Studio album by Damāvand
- Released: April 14, 2023
- Genre: Experimental
- Length: 40:30
- Label: Die Schachtel

= As Long as You Come to My Garden =

2023 debut album by Damāvand

As Long as You Come to My Garden is the first album by the Italian experimental duo Damāvand, released in 2023 by the label Die Schachtel.

== Critical reception ==
As Long as You Come to My Garden was well received by the music press, with some enthusiastic reviews. The New Noise defined it as "one of the most exciting debuts not only of the Die Schachtel label, but of the entire panorama of new Italian creative music".

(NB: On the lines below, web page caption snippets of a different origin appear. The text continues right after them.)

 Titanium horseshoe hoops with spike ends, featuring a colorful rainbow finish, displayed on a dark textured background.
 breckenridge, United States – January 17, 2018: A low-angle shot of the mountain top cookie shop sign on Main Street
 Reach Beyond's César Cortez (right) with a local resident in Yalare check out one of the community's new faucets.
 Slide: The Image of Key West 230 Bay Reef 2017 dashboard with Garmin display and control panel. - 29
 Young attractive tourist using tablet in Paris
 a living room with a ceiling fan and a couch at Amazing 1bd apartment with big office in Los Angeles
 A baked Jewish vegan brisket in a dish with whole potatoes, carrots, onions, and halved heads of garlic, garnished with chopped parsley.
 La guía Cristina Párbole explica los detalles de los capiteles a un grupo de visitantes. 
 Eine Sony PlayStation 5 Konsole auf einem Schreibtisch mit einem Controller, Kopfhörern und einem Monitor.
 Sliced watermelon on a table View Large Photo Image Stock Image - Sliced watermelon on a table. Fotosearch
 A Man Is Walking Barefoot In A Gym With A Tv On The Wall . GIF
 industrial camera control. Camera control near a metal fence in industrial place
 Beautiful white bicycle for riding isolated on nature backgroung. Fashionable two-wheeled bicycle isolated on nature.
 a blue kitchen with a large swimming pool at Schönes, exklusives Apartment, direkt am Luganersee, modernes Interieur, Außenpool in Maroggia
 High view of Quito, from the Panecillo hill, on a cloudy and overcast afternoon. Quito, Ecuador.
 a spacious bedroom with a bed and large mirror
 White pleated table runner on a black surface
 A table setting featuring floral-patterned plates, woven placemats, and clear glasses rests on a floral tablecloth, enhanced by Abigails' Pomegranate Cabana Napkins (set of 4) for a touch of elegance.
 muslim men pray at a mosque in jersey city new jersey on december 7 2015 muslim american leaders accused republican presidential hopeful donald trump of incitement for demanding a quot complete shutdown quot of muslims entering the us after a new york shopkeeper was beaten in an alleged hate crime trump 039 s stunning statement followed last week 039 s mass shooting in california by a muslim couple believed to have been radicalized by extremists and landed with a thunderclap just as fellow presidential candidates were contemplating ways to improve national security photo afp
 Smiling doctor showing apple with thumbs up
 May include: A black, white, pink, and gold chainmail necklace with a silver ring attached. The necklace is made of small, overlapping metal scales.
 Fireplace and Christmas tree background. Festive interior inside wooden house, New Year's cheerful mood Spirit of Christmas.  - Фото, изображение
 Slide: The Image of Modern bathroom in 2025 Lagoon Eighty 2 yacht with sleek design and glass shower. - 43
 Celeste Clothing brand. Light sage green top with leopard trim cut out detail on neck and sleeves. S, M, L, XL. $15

Richard Allen on A Closer Listen says "The video teaser for Damāvand's As Long as You Come to My Garden provides an electronic impression, while the album itself is a blend of dark ambient, drone and experimental flavors."

Mirco Salvadori on Rockerilla defined it as "work of fascinating complexity".

==Track listing==

===Original release===

Side one
| No. | Title | Writer(s) | Length |
|---|---|---|---|
| 1. | "Part 1 or Water Filled Of Immortality" | G. Ceccarini, A. Ciccarelli | 5:51 |
| 2. | "Part 2 or A gold-embroidered tent" | G. Ceccarini, A. Ciccarelli | 8:42 |
| 3. | "Part 3 or The Sultan and the Khan" | G. Ceccarini, A. Ciccarelli | 5:27 |
| Total length: |  |  | 20:01 |

Side two
| No. | Title | Writer(s) | Length |
|---|---|---|---|
| 1. | "Part 4 or A cypress-tree, sugar thy tongue, in sooth" | G. Ceccarini, A. Ciccarelli | 4:32 |
| 2. | "Part 5 or Pegasus sprung from the fiery sea" | G. Ceccarini, A. Ciccarelli | 9:57 |
| 3. | "Part 6 or Thou dost exhale the perfume sweet of clove and cinnamon" | G. Ceccarini, A. Ciccarelli | 5:39 |
| Total length: |  |  | 20:09 40:11 |

== Personnel ==
Personnel adapted from album liner notes.

Damāvand
- Gianluca Ceccarini (electronics, electroacoustic objects, field recordings, tar)
- Alessandro Ciccarelli (electronics, electroacoustic objects, trumpet, cornet, trombone)

Additional musicians
- Nahid Rezashateri (Vocals on tracks 1 and 6)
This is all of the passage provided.